_Your objective_
Among the entries below, find the line with "Used Volvo V60" and the line with "4521 S Ahmedi". Return exactly those lines and every line between them, but no pictures.

_Records shown_
Segment Open
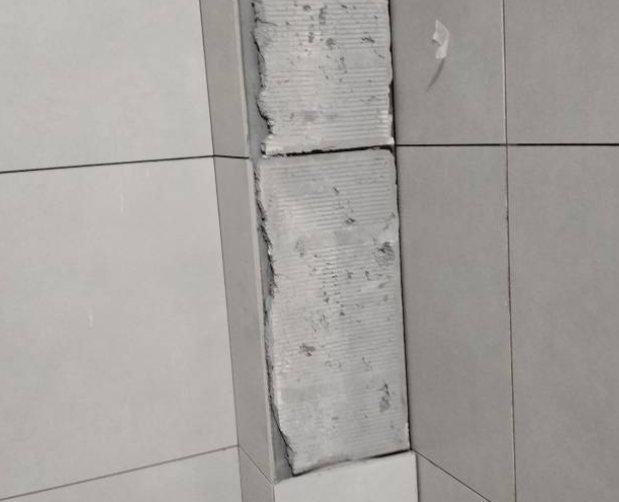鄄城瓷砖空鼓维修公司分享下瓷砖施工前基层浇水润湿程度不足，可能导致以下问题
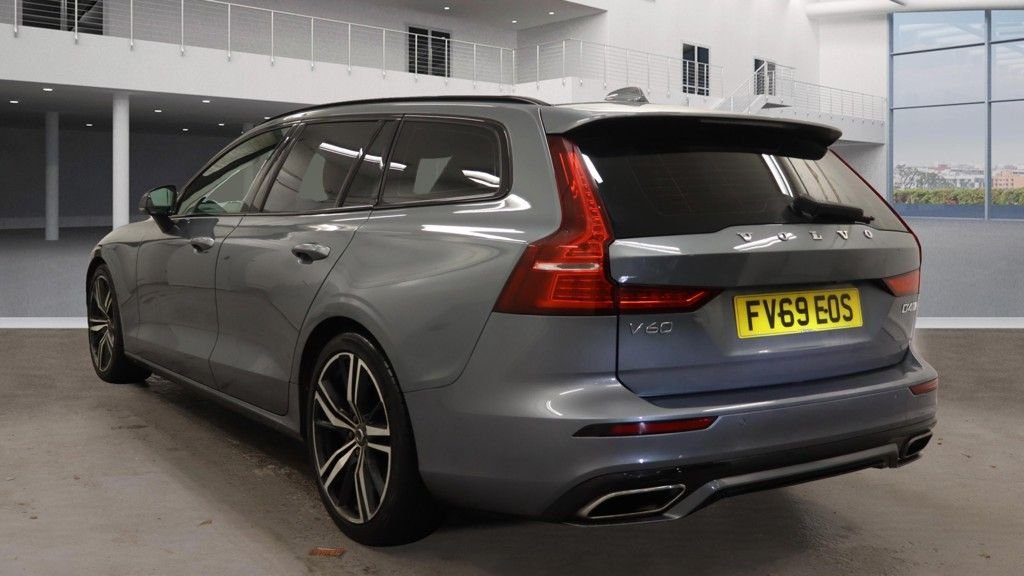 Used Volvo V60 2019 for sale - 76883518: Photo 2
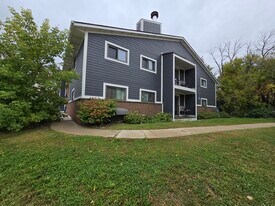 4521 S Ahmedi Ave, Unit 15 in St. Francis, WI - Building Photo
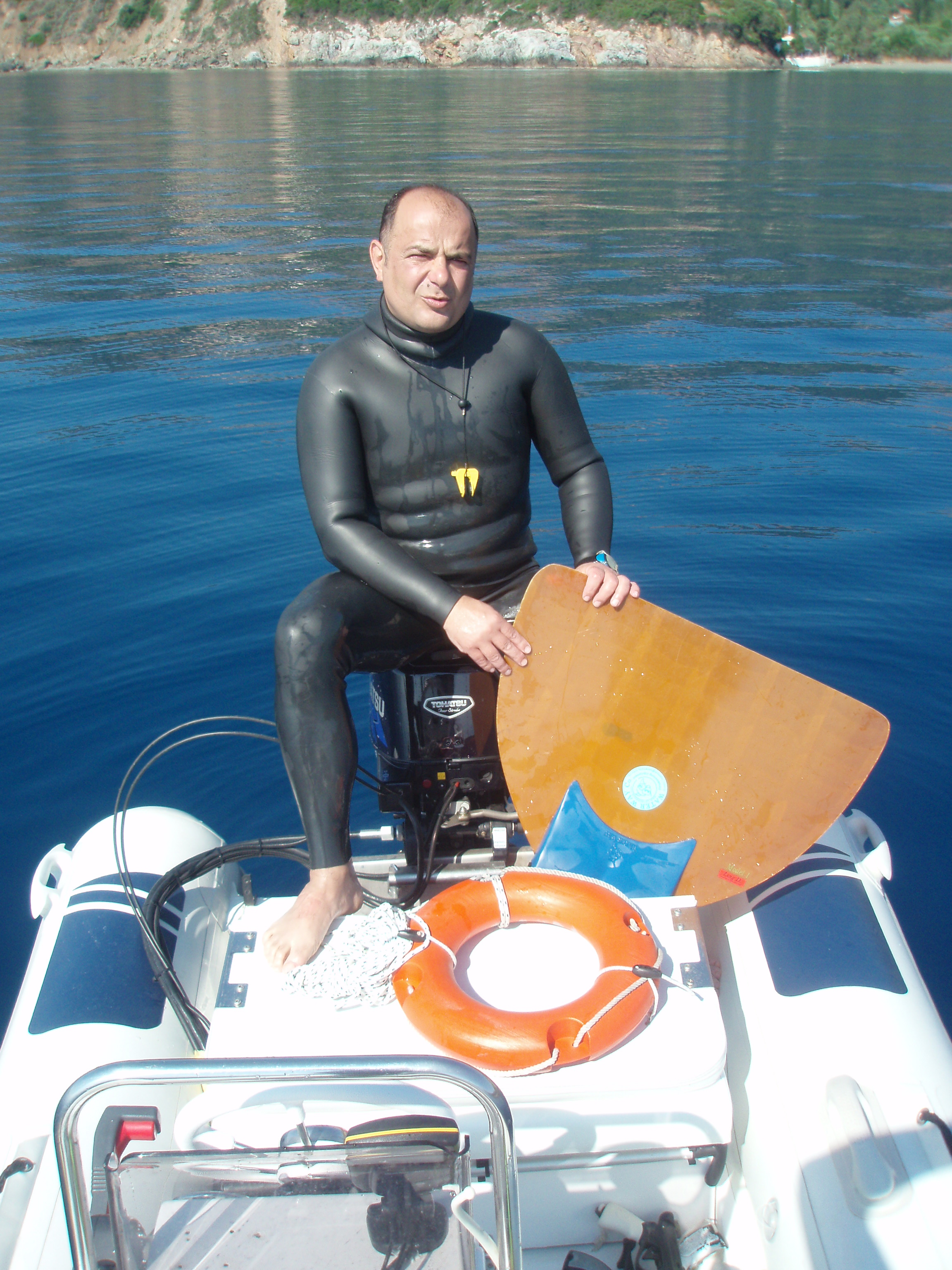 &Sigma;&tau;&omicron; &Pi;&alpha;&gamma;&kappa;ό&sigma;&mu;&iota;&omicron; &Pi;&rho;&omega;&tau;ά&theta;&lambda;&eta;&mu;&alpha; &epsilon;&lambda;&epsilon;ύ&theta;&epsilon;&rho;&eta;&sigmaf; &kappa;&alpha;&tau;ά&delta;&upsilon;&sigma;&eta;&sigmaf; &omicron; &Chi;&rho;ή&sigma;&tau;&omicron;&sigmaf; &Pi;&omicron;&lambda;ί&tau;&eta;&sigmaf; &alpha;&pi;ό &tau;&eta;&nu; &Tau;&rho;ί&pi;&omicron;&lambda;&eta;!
Segment Closed
Segment Open
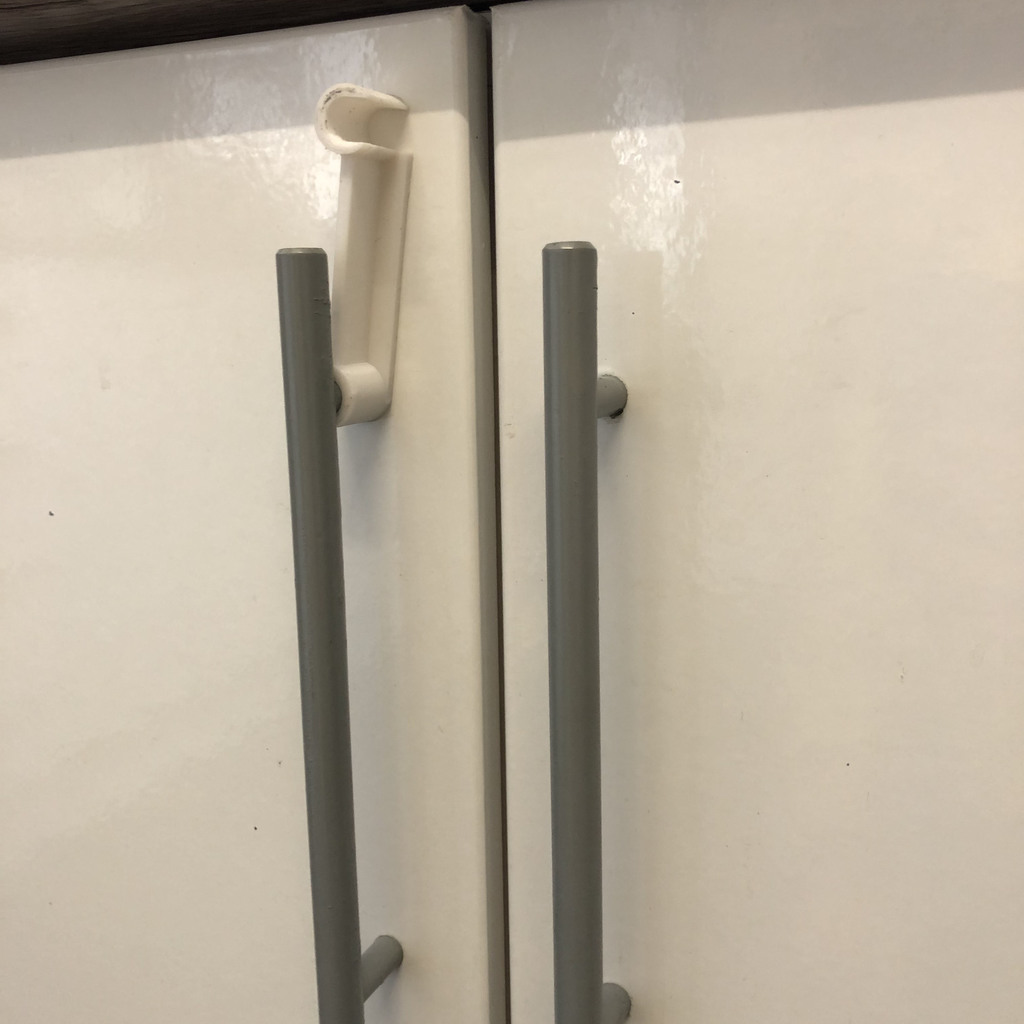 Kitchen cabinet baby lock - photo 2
Segment Closed
_Exercise response_
 Used Volvo V60 2019 for sale - 76883518: Photo 2
 4521 S Ahmedi Ave, Unit 15 in St. Francis, WI - Building Photo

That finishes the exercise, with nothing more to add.